Overview
Bits per byte (BPB) is a tokenization-independent metric for evaluating language model loss. Unlike standard cross-entropy loss, BPB normalizes by the number of UTF-8 bytes in the target text, making it comparable across different tokenizers and vocabulary sizes.
Why Bits Per Byte?
Standard loss has a critical limitation:
- Different vocab sizes produce different losses - A 50K vocab tokenizer will have different average loss than a 100K vocab tokenizer, even for the same underlying model quality
- Can’t compare apples to apples - Changing tokenization breaks loss comparisons
BPB solves this by normalizing loss by the actual information content (bytes) rather than token count.
How BPB is Calculated
bpb = total_nats / (math.log(2) * total_bytes)
Where:
total_nats = Sum of cross-entropy losses across all tokens
total_bytes = Sum of UTF-8 byte lengths for all tokens
math.log(2) converts from nats (natural log) to bits (log base 2)
Step-by-Step Process
-
Compute per-token losses
loss2d = model(x, y, loss_reduction='none') # (B, T)
-
Get byte lengths for each token
token_bytes = get_token_bytes(device=device) # (vocab_size,)

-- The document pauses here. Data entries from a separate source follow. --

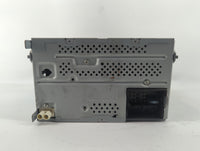 2011-2014 Volkswagen Jetta Am Fm Cd Player Radio Receiver - Oemusedautoparts1.com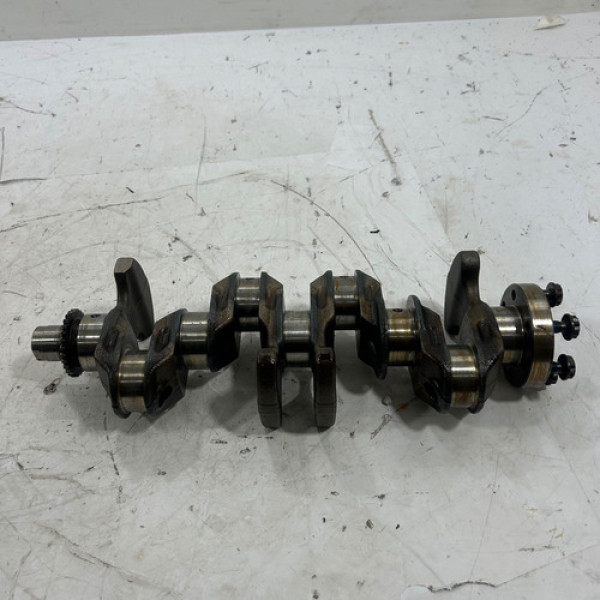 Virabrequim Jetta 1.4 Tsi 16v 2016 2017 2018 2019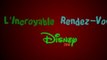 L'Incroyable Rendez Vous Disney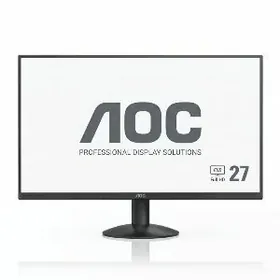 27" FHD 120 Hz ️ AOC MONITOR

num_bytes = token_bytes[y] # Look up bytes for target tokens
-
Accumulate weighted losses
total_nats += (loss2d * (num_bytes > 0)).sum()
total_bytes += num_bytes.sum()
-
Convert to bits per byte
bpb = total_nats / (math.log(2) * total_bytes)
Implementation
From nanochat/loss_eval.py:evaluate_bpb:
@torch.no_grad()
def evaluate_bpb(model, batches, steps, token_bytes):
total_nats = torch.tensor(0.0, dtype=torch.float32, device=model.get_device())
total_bytes = torch.tensor(0, dtype=torch.int64, device=model.get_device())
batch_iter = iter(batches)
for _ in range(steps):
x, y = next(batch_iter)
loss2d = model(x, y, loss_reduction='none') # (B, T)
loss2d = loss2d.view(-1)
y = y.view(-1)
# Get byte lengths for each target token
num_bytes2d = token_bytes[y]
# Accumulate (only count tokens with num_bytes > 0)
total_nats += (loss2d * (num_bytes2d > 0)).sum()
total_bytes += num_bytes2d.sum()
# Aggregate across GPUs if distributed
if dist.is_initialized():
dist.all_reduce(total_nats, op=dist.ReduceOp.SUM)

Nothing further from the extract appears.